#### [ACTION ITEM]
Every line below must come back exactly as it stands, with the images omitted.

#### [GIVEN MATERIAL]
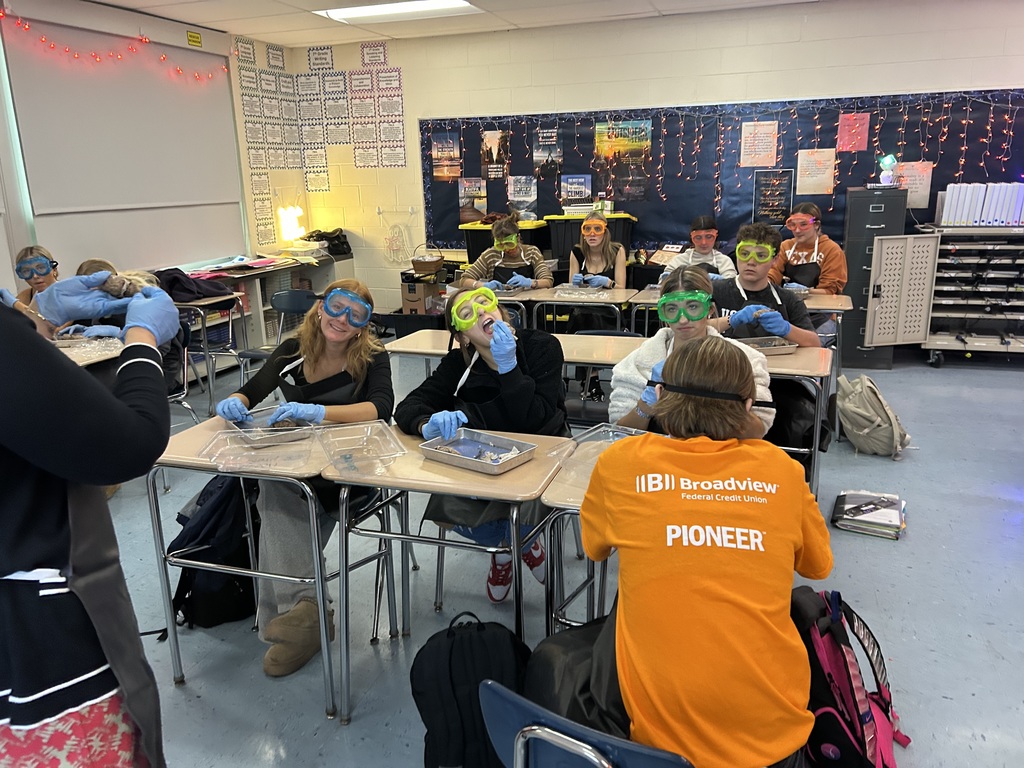 Mr. Cabana's AP Psychology students got hands-on with neuroscience at the end of October! With the help of former 8th-grade science teacher and current librarian, Mrs. Antolick, students dissected sheep brains to explore the complex anatomy of the brain, identifying external and internal structures, understanding the relationship between structure and function, and discovering the similarities between sheep and human brains. This engaging lab experience brought their classroom learning to life! 🧠
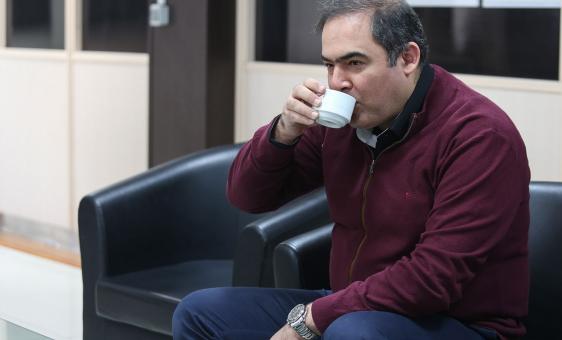 گفت‌وگو با حسين دهباشي، تاريخ‌پژوه و تهيه‌کننده فيلم مستند/ مبارزه با فراموشي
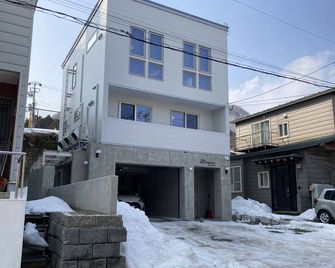 Hakodate Motomachi Guesthouse - Hakodate - Building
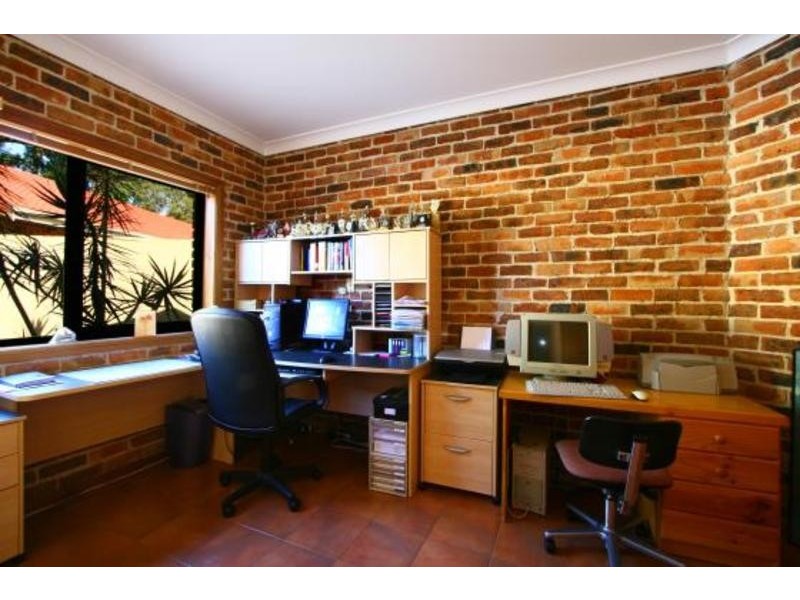 35 Bootie Street, Balgownie NSW 2519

#### [RESPONSE TO THE EXERCISE]
 Mr. Cabana's AP Psychology students got hands-on with neuroscience at the end of October! With the help of former 8th-grade science teacher and current librarian, Mrs. Antolick, students dissected sheep brains to explore the complex anatomy of the brain, identifying external and internal structures, understanding the relationship between structure and function, and discovering the similarities between sheep and human brains. This engaging lab experience brought their classroom learning to life! 🧠
 گفت‌وگو با حسين دهباشي، تاريخ‌پژوه و تهيه‌کننده فيلم مستند/ مبارزه با فراموشي
 Hakodate Motomachi Guesthouse - Hakodate - Building
 35 Bootie Street, Balgownie NSW 2519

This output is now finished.